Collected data
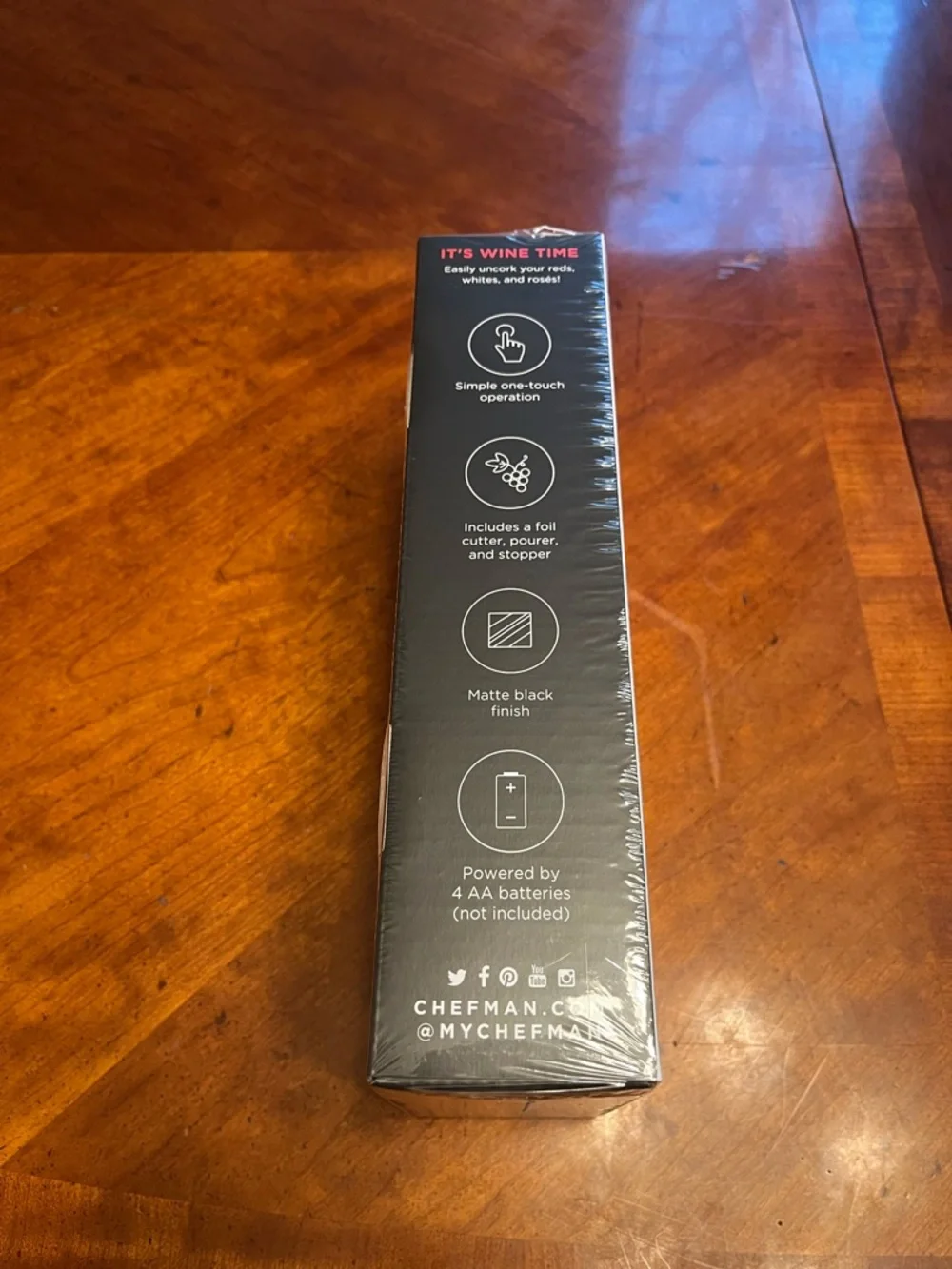 NIB Chefman Electric Wine Opener & Foil Cutter - Stainless Steel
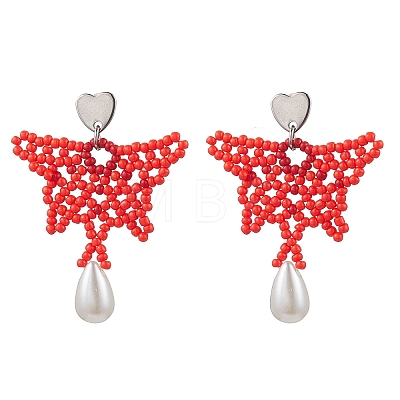 Glass Seed Beads Butterfly Stud Earrings EJEW-MZ00351-01-1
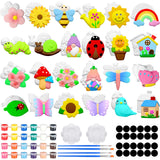 Simgoing 24 Sets Spring Kids Arts and Crafts Set Ceramic Painting Kit Unpainted Paintable Ceramics with 24 Magnet 4 Brushes and 2 Palette, Paint Your Own DIY Figurines for Toddler Boys Girls Simgoing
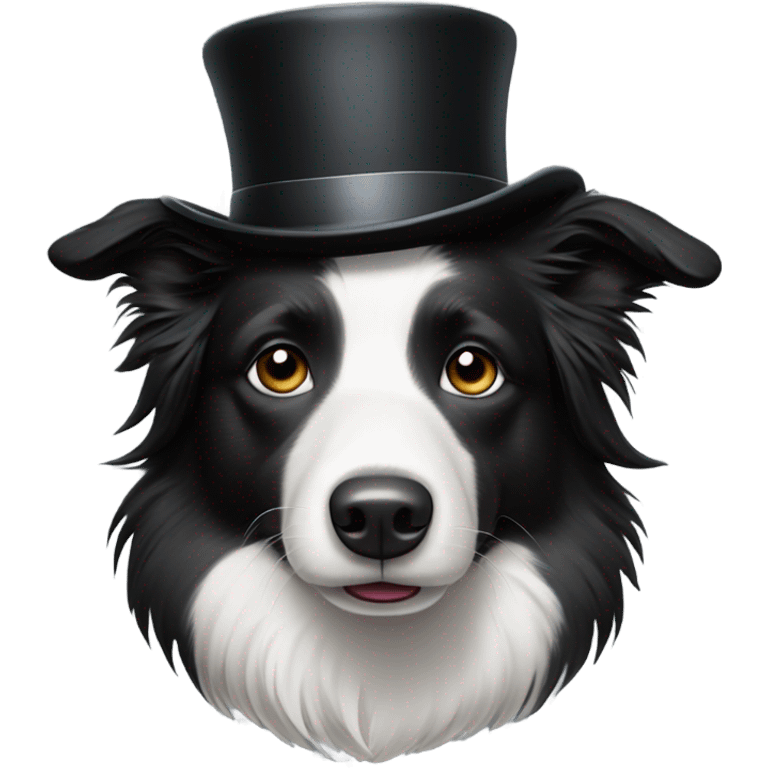 Border collie with a top hat emoji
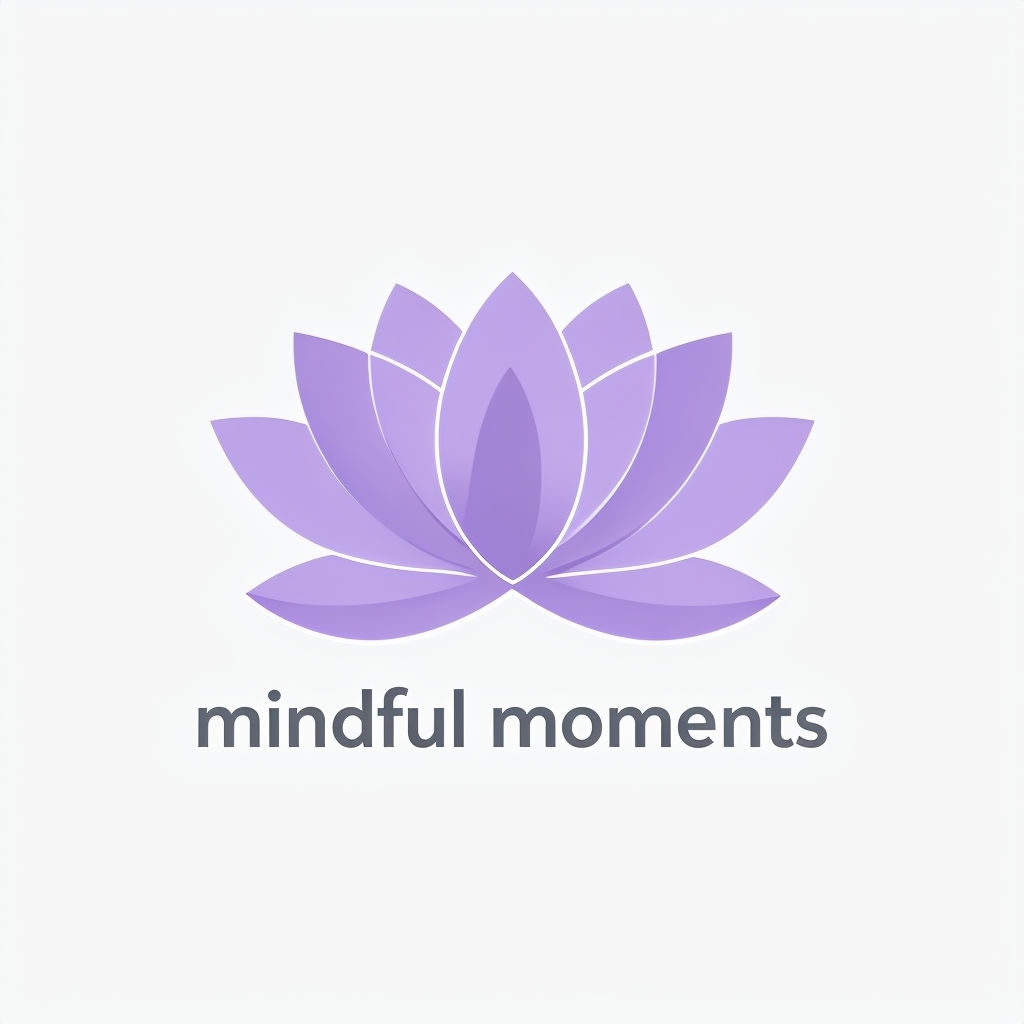 Minimalist Lavender Lotus Mindful Moments Logo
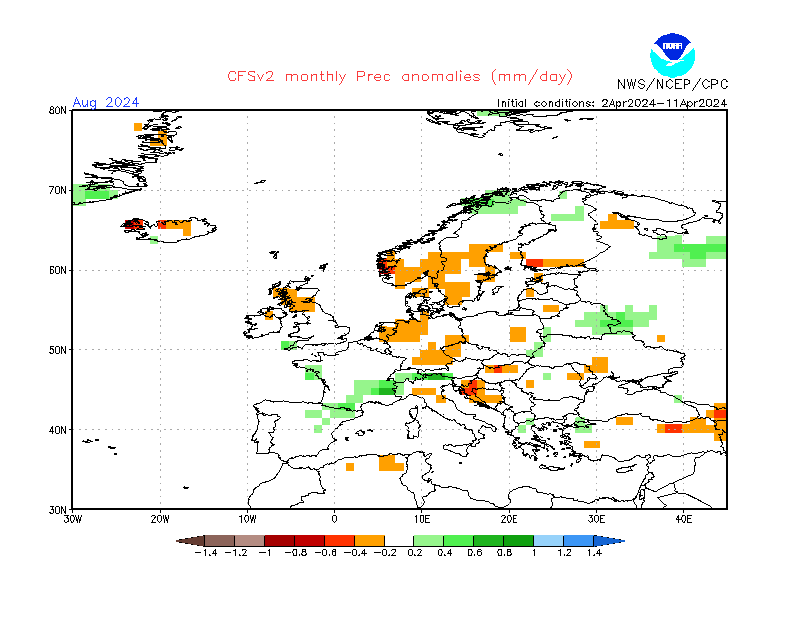 Precipitation anomalies in Europe. Month +4. Ensemble 1.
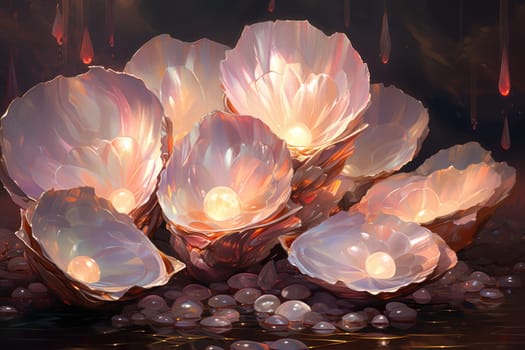 An enchanting depiction of radiant pearl oysters, tenderly nurturing exquisite pearls imbued with enigmatic properties.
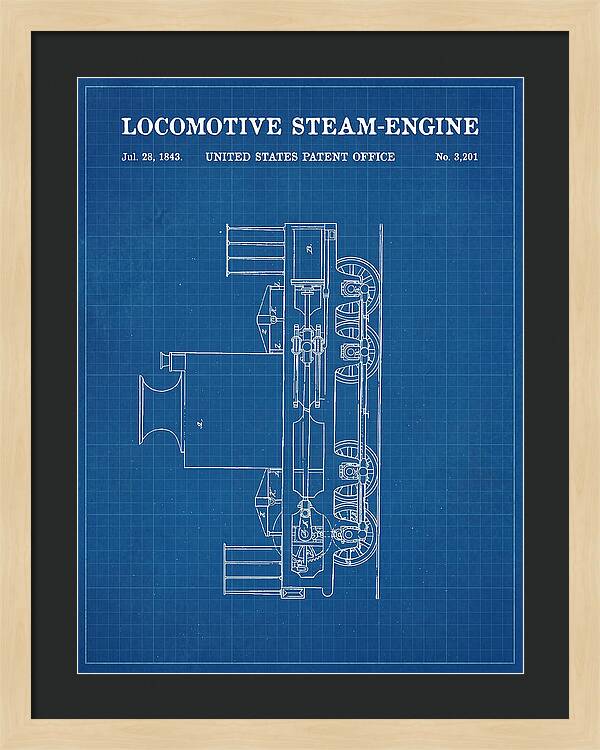 Locomotive Steam Engine Blueprint Patent Us3201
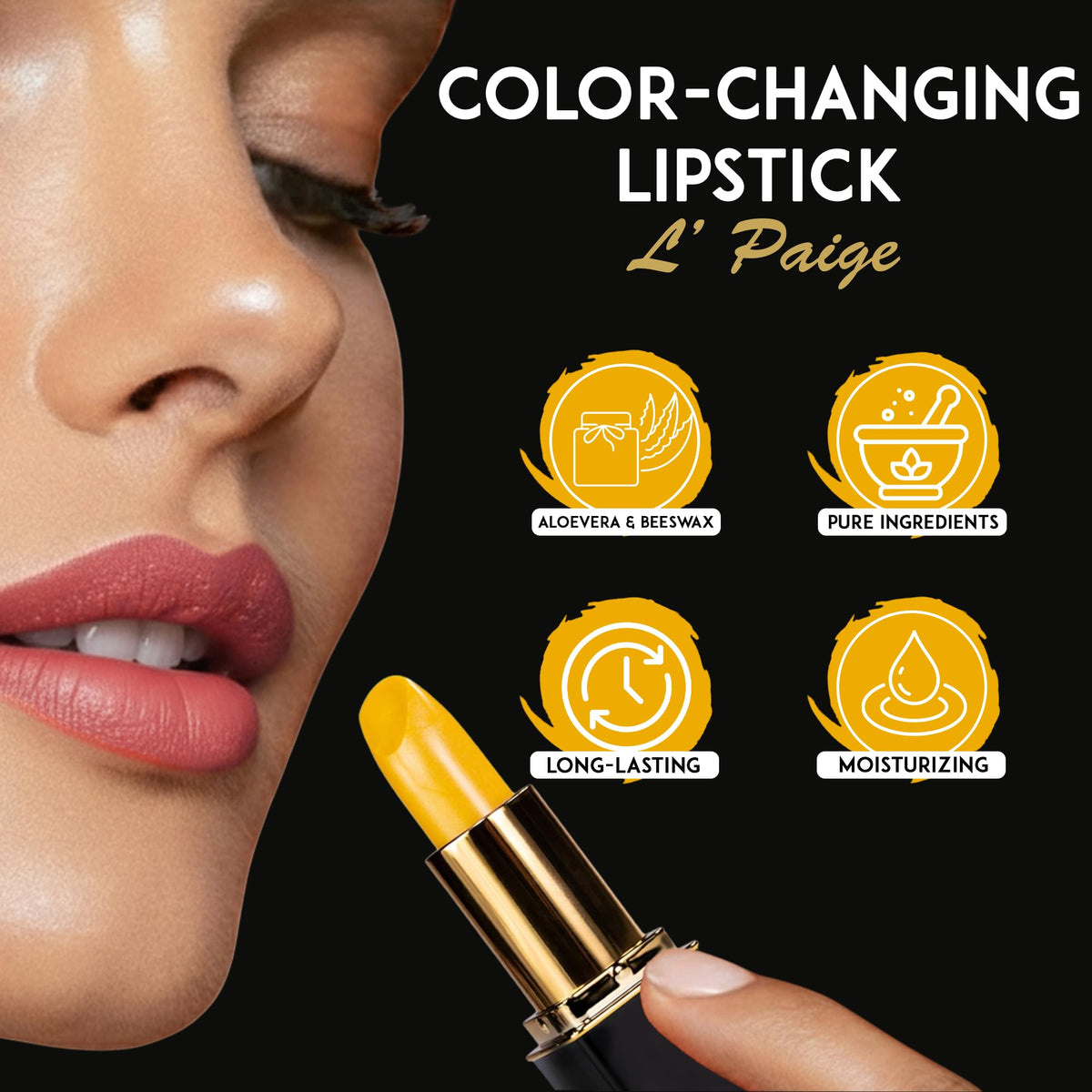 L'Paige warm coral-pink transformed lips after wear, flattering personalized shade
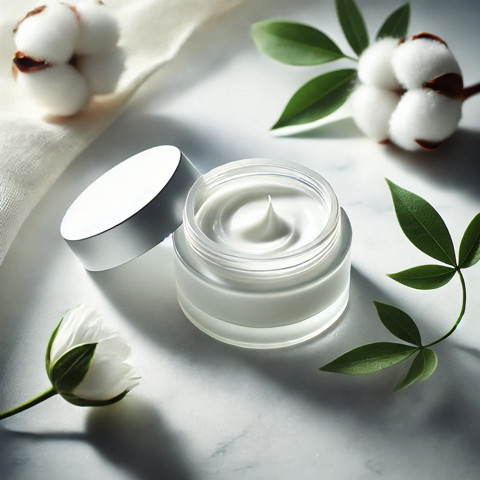 Gambar yang menunjukan moisturizer dalam jar minimalis sumber: OpenAi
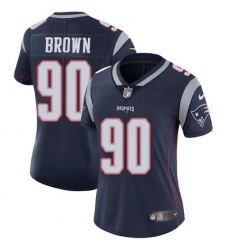Nike Patriots #90 Malcom Brown Navy Blue Team Color Womens Stitched NFL Vapor Untouchable Limited Jersey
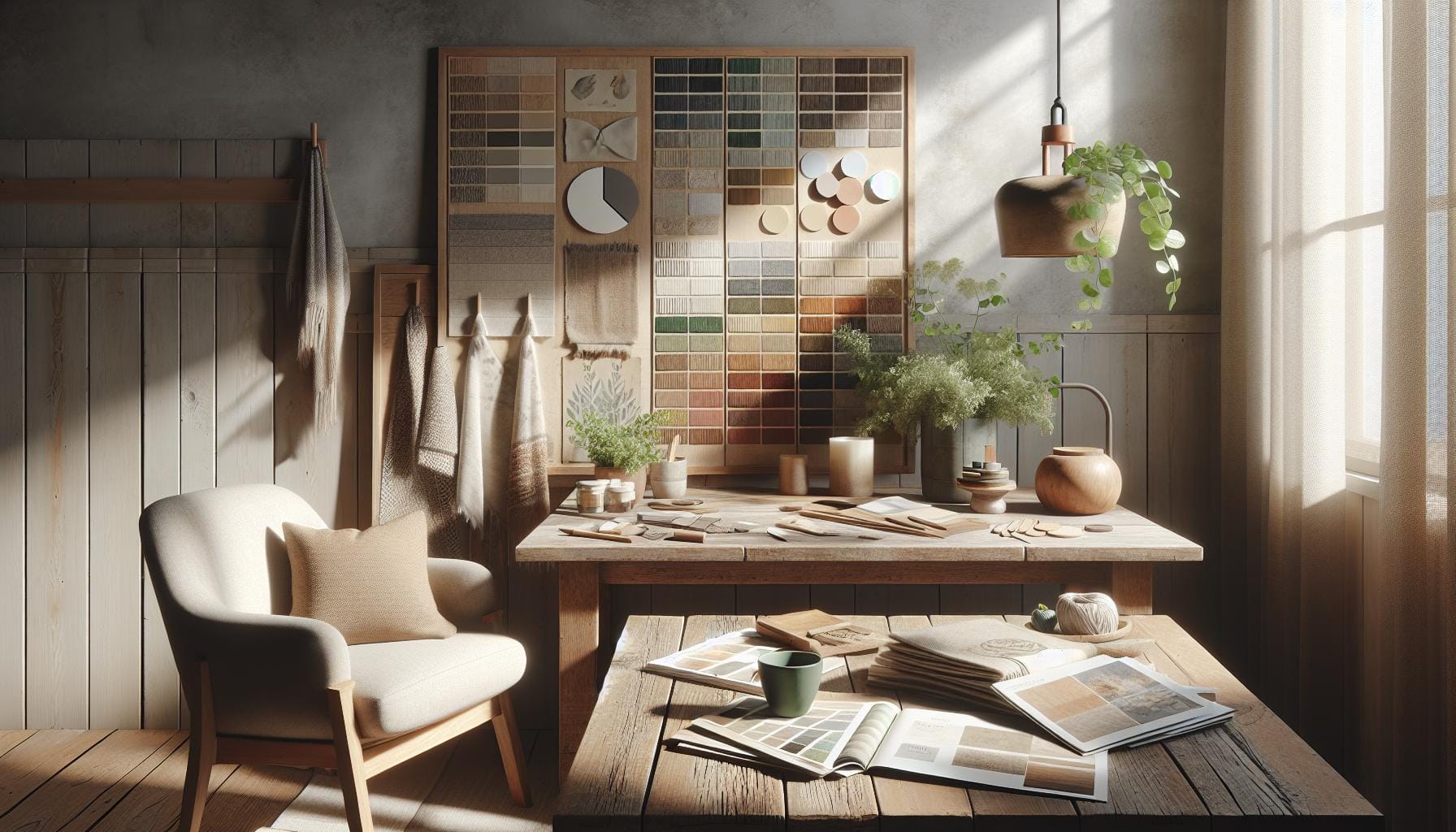 A sunlit workspace with a mood board of fabric and color samples, a wooden table with design materials, a potted plant, and an armchair with cushions.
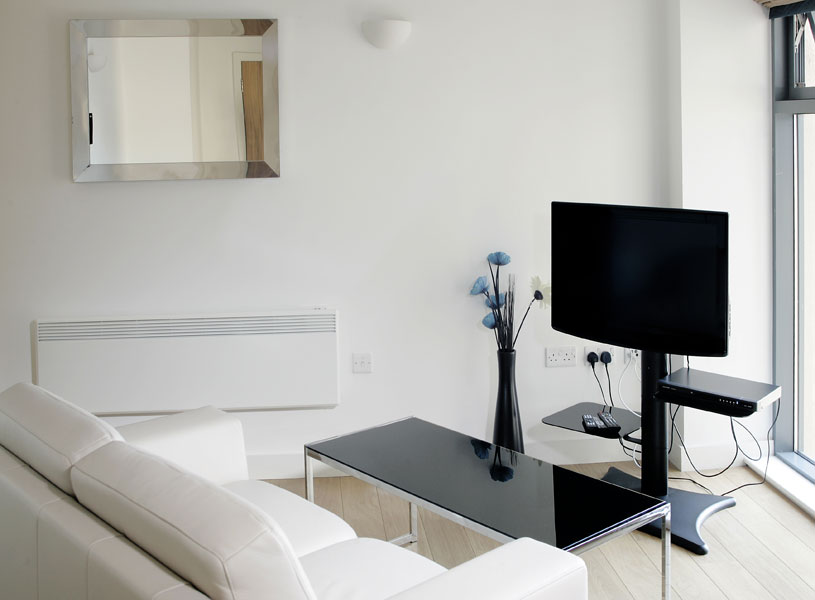 Living area in a KSpace Serviced Apartment in Leeds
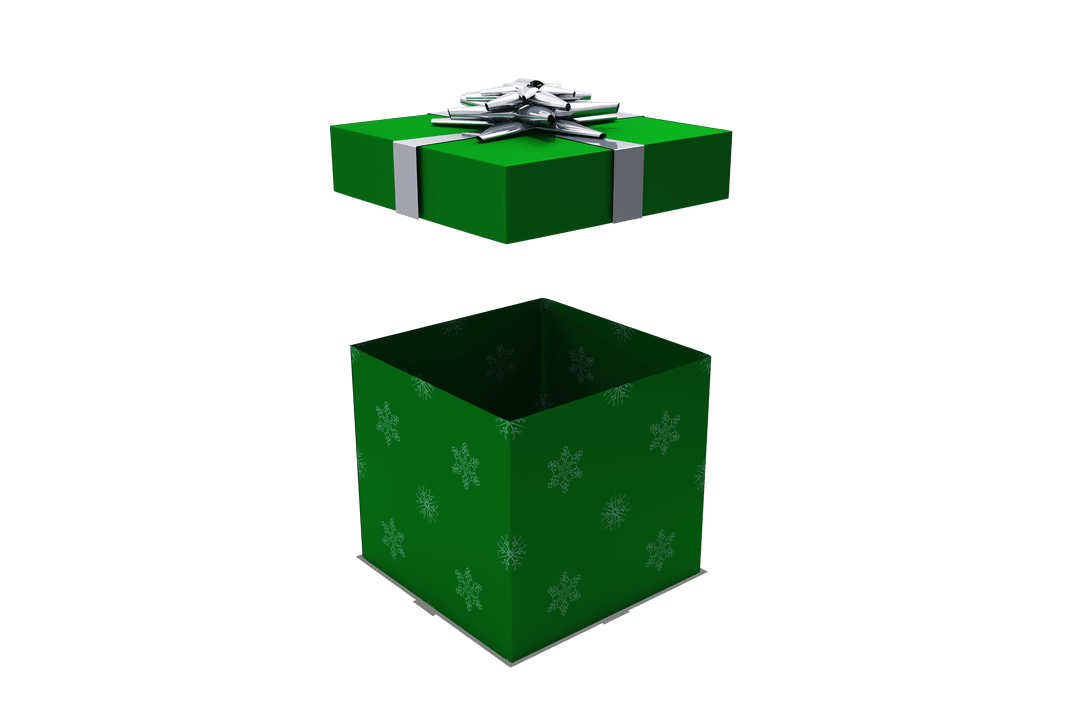 Transparent Open Green Gift Box with Lid Floating Silver Ribbon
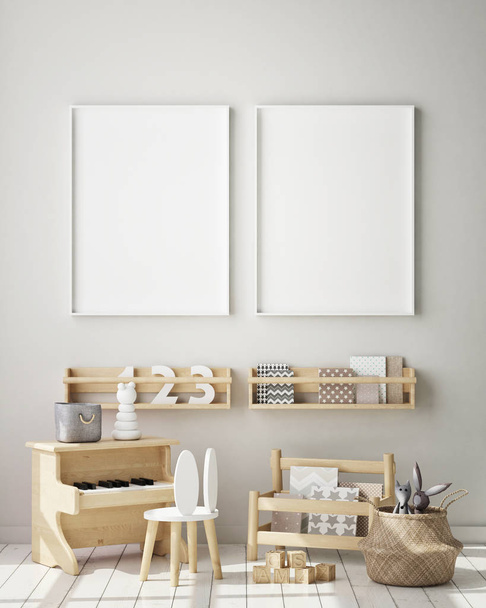 marco del cartel de la maqueta para arriba en dormitorio de los niños, fondo interior del estilo escandinavo, representación 3D, ilustración 3D
 - Foto, Imagen
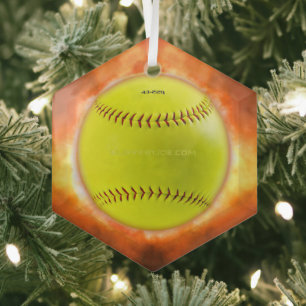SlipperyJoe's yellow softball fireball flames rasp Glass Tree Decoration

PROMPT
Look above for the line containing "Border collie with a top hat emoji", then copy exactly from it through the line containing "- Foto, Imagen", keeping both and leaving out pictures. Add nothing else.

ANSWER FOR THE TASK
 Border collie with a top hat emoji
 Minimalist Lavender Lotus Mindful Moments Logo
 Precipitation anomalies in Europe. Month +4. Ensemble 1.
 An enchanting depiction of radiant pearl oysters, tenderly nurturing exquisite pearls imbued with enigmatic properties.
 Locomotive Steam Engine Blueprint Patent Us3201
 L'Paige warm coral-pink transformed lips after wear, flattering personalized shade
 Gambar yang menunjukan moisturizer dalam jar minimalis sumber: OpenAi
Nike Patriots #90 Malcom Brown Navy Blue Team Color Womens Stitched NFL Vapor Untouchable Limited Jersey
 A sunlit workspace with a mood board of fabric and color samples, a wooden table with design materials, a potted plant, and an armchair with cushions.
 Living area in a KSpace Serviced Apartment in Leeds
 Transparent Open Green Gift Box with Lid Floating Silver Ribbon
 marco del cartel de la maqueta para arriba en dormitorio de los niños, fondo interior del estilo escandinavo, representación 3D, ilustración 3D
 - Foto, Imagen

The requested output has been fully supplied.